[Instructions to follow]:
Lines from the one containing "Capital One employee" through the end of the material are to be retyped exactly; do not copy pictures.

[Information provided]:

--- START ---

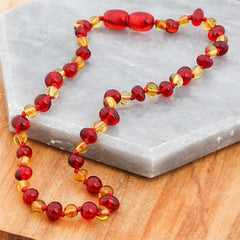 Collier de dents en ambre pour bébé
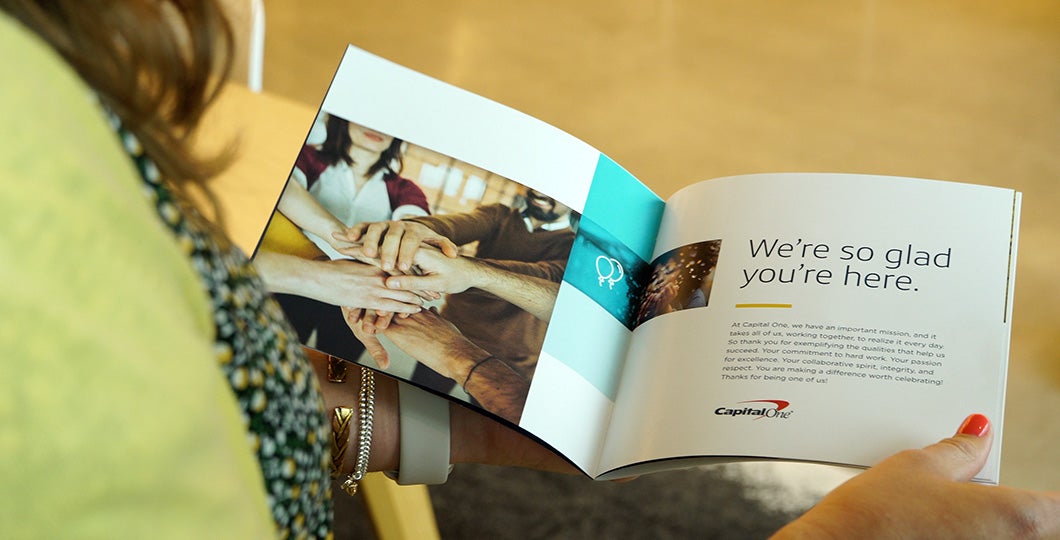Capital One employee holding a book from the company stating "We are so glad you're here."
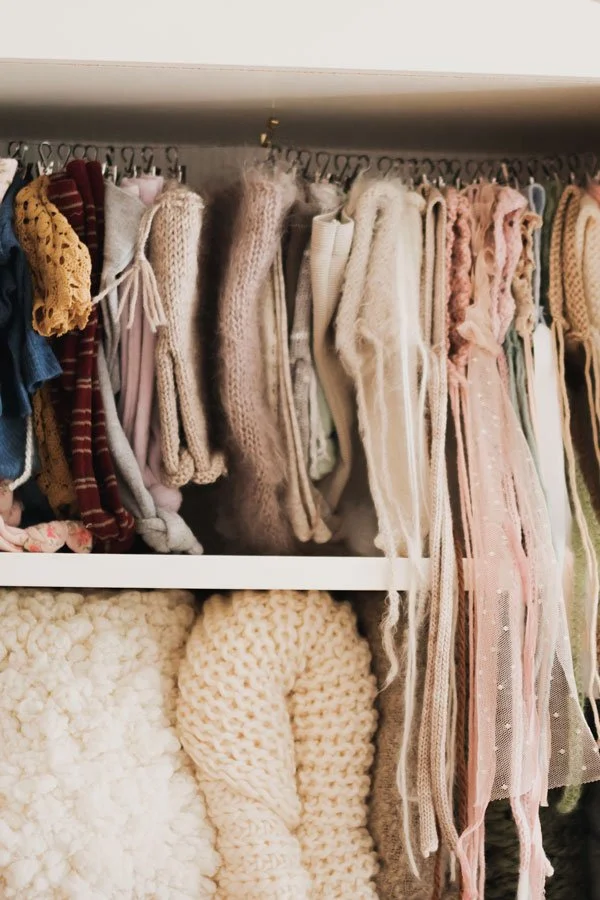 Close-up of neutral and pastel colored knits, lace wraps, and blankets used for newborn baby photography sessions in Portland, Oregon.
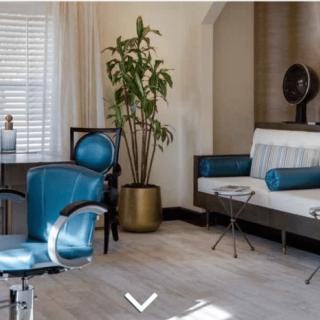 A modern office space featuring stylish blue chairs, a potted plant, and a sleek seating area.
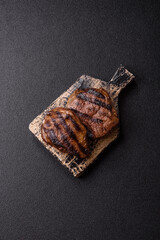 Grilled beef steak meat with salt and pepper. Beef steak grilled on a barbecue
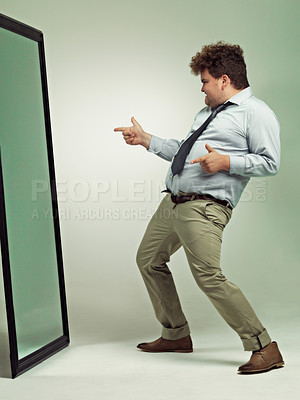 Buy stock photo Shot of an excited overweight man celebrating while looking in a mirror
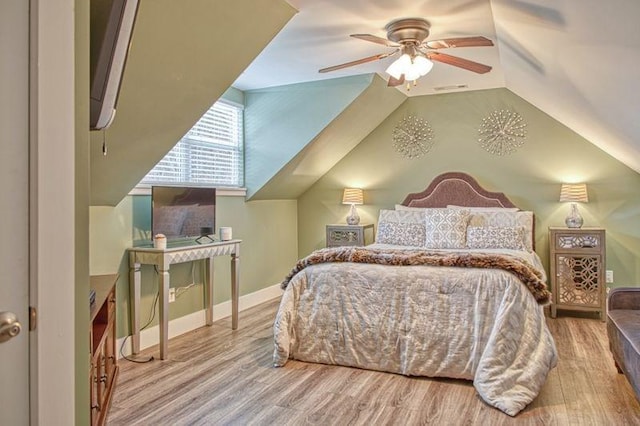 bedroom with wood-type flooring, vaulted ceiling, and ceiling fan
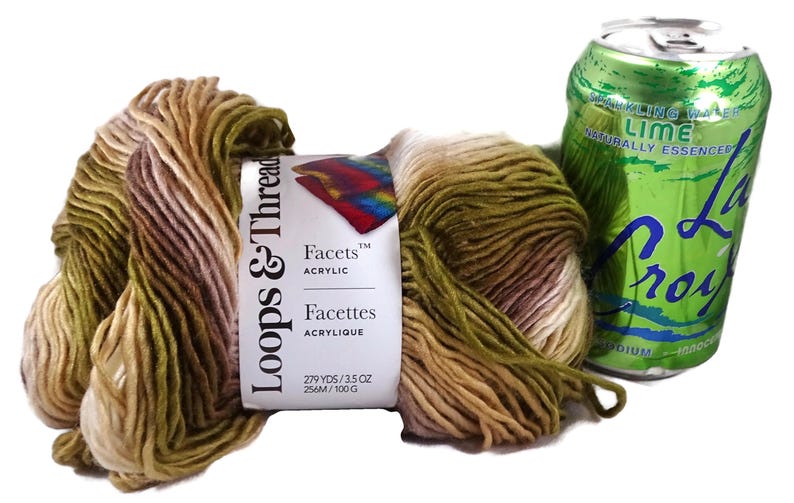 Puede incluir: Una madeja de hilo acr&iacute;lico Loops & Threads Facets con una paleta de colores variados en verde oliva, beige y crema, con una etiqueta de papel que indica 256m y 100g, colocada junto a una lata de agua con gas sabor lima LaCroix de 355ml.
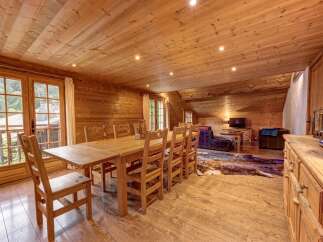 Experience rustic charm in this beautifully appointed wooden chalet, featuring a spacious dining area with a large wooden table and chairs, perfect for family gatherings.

--- END ---

[Reply to the exercise]:
Capital One employee holding a book from the company stating "We are so glad you're here."
 Close-up of neutral and pastel colored knits, lace wraps, and blankets used for newborn baby photography sessions in Portland, Oregon.
 A modern office space featuring stylish blue chairs, a potted plant, and a sleek seating area.
 Grilled beef steak meat with salt and pepper. Beef steak grilled on a barbecue
 Buy stock photo Shot of an excited overweight man celebrating while looking in a mirror
 bedroom with wood-type flooring, vaulted ceiling, and ceiling fan
 Puede incluir: Una madeja de hilo acr&iacute;lico Loops & Threads Facets con una paleta de colores variados en verde oliva, beige y crema, con una etiqueta de papel que indica 256m y 100g, colocada junto a una lata de agua con gas sabor lima LaCroix de 355ml.
 Experience rustic charm in this beautifully appointed wooden chalet, featuring a spacious dining area with a large wooden table and chairs, perfect for family gatherings.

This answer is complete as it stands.